*** SUPPLIED ENTRIES ***

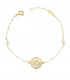 Pulsera Mujer Oro 18K Árbol de la vida Nácar 20cm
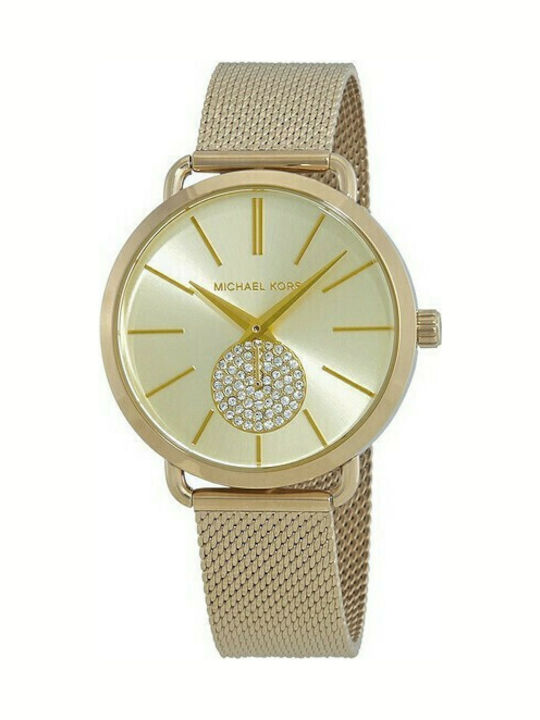 Michael Kors Portia Γυναικείο Ρολόι 41mm Μπαταρίας με Χρυσό Μεταλλικό Μπρασελέ
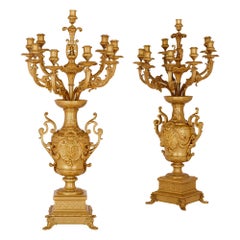 Pair of Gilt Bronze Table Candelabra by Ferdinand Barbedienne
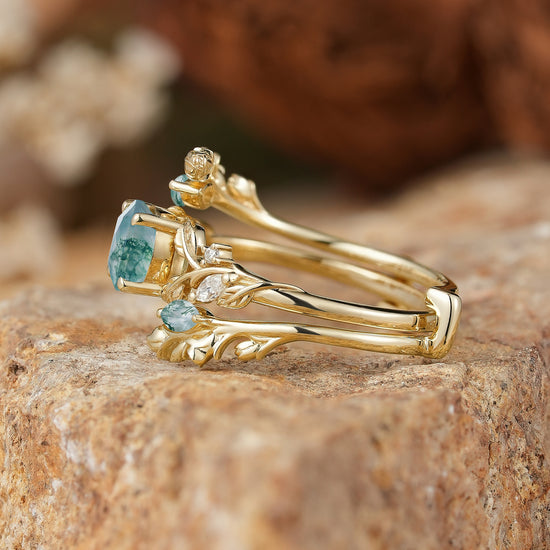 GemsMagic Round Shaped Moss Agate Nature Inspired Bridal Enhancer Ring Set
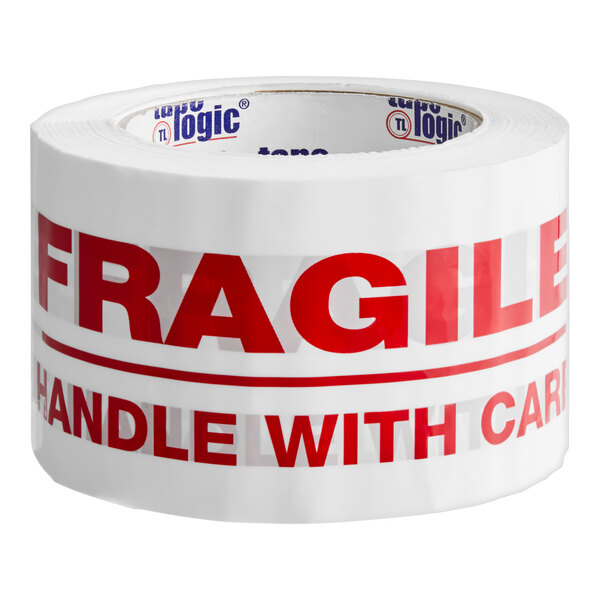 A white Tape Logic roll of 2" x 110 yard packing tape with red "Fragile / Handle With Care" text.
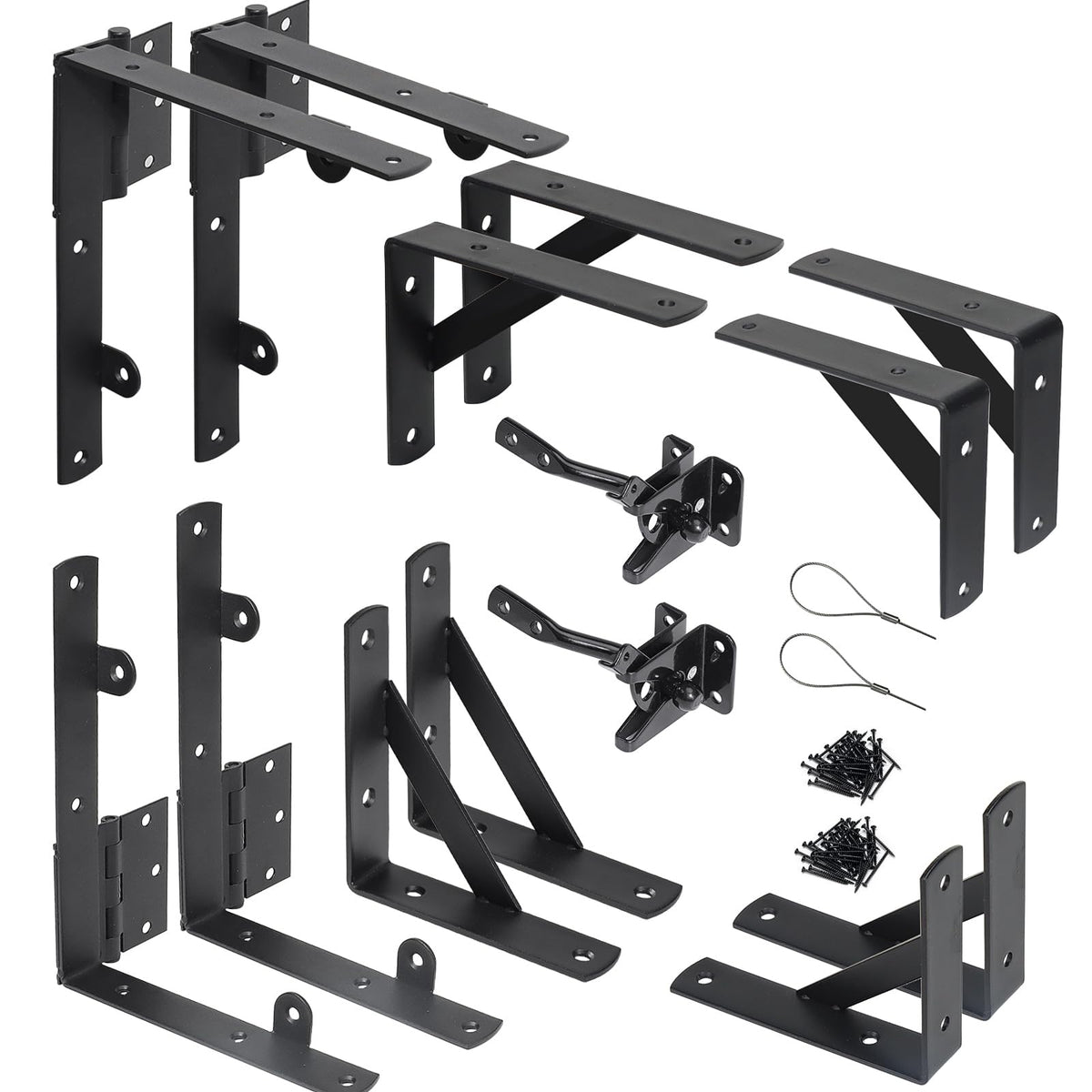 WEKIS 2 Sets Anti Sag Gate Kit Heavy Duty No Sag Kit Gate Corner Brace Bracket for Wooden Fence Gate with Self-Locking Gate Latch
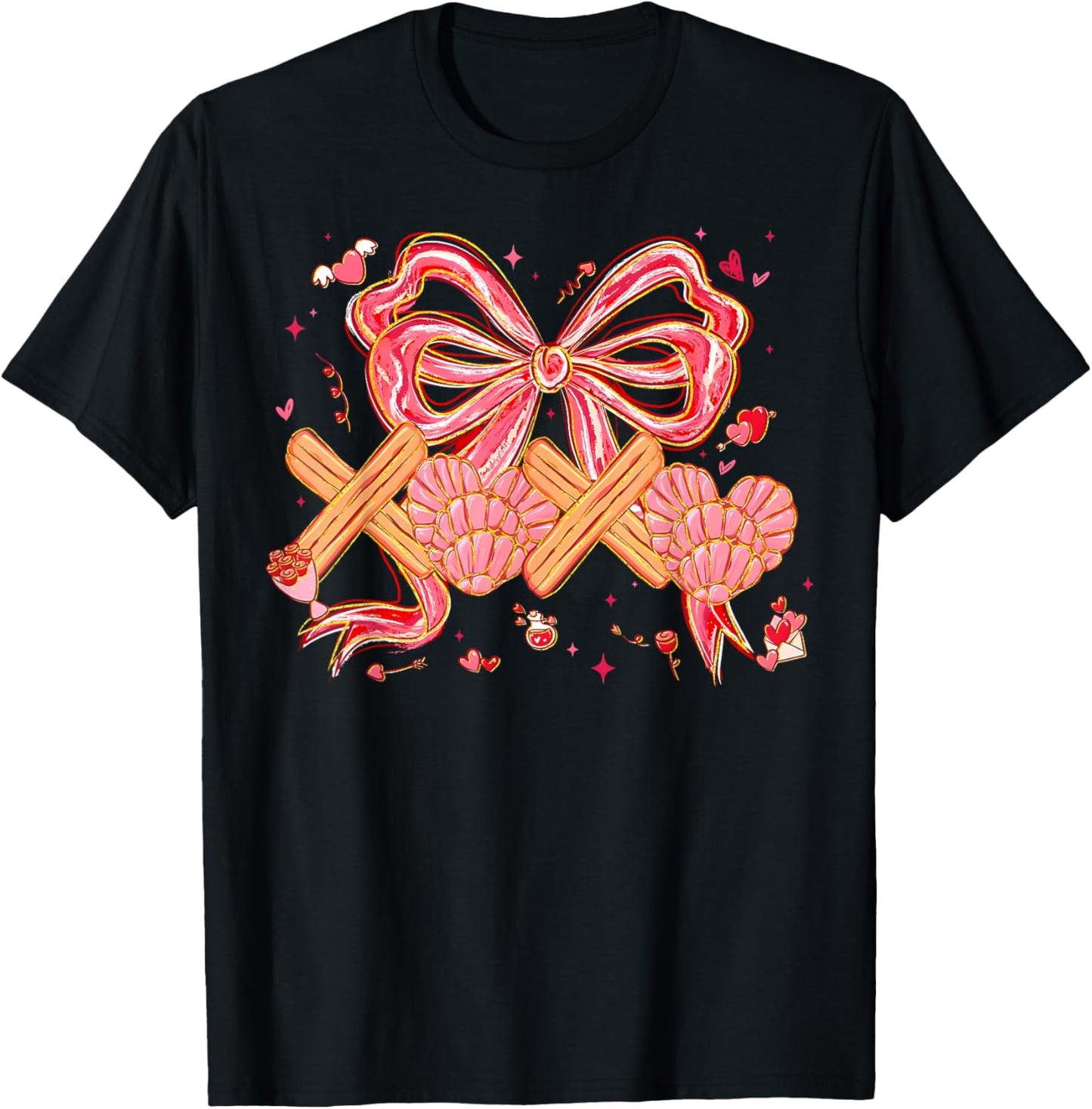 XOXO Conchas y Churros Mexican Bread Lover Concha Valentines T-Shirt - T-Shirt | Black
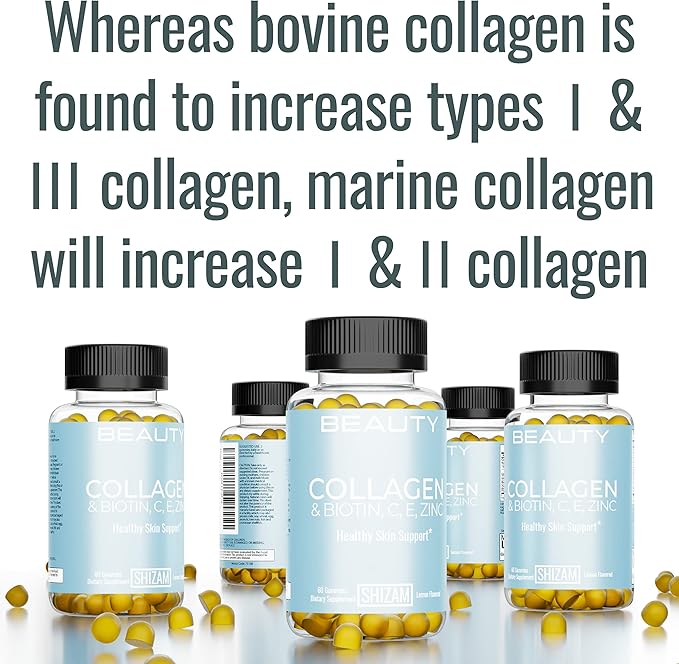 SHIZAM Hydrolyzed Bovine Collagen Biotin Gummies with Multi-Vitamin C, E & Zinc for Hair Growth-Loss and Strong Nail. Alternative for Liquid Drops, Pills & Keratin Shampoo for Women
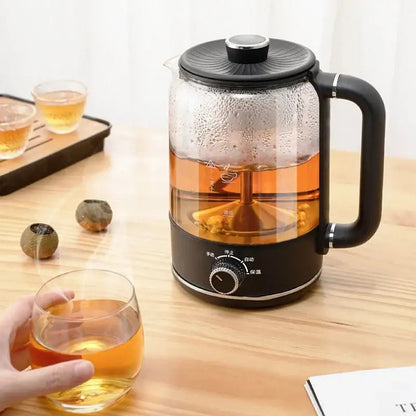 Electric tea maker 1.3L glass carafe and heating base, side view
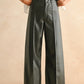 Pintuck Detail Front Pleater Wide Straight Pants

*** End of SUPPLIED ENTRIES ***

## ASSIGNMENT
This exercise asks for the data above to be given again exactly, without pictures.

## TASK SOLUTION
 Pulsera Mujer Oro 18K Árbol de la vida Nácar 20cm
 Michael Kors Portia Γυναικείο Ρολόι 41mm Μπαταρίας με Χρυσό Μεταλλικό Μπρασελέ
 Pair of Gilt Bronze Table Candelabra by Ferdinand Barbedienne
 GemsMagic Round Shaped Moss Agate Nature Inspired Bridal Enhancer Ring Set
 A white Tape Logic roll of 2" x 110 yard packing tape with red "Fragile / Handle With Care" text.
 WEKIS 2 Sets Anti Sag Gate Kit Heavy Duty No Sag Kit Gate Corner Brace Bracket for Wooden Fence Gate with Self-Locking Gate Latch
 XOXO Conchas y Churros Mexican Bread Lover Concha Valentines T-Shirt - T-Shirt | Black
 SHIZAM Hydrolyzed Bovine Collagen Biotin Gummies with Multi-Vitamin C, E & Zinc for Hair Growth-Loss and Strong Nail. Alternative for Liquid Drops, Pills & Keratin Shampoo for Women
 Electric tea maker 1.3L glass carafe and heating base, side view
 Pintuck Detail Front Pleater Wide Straight Pants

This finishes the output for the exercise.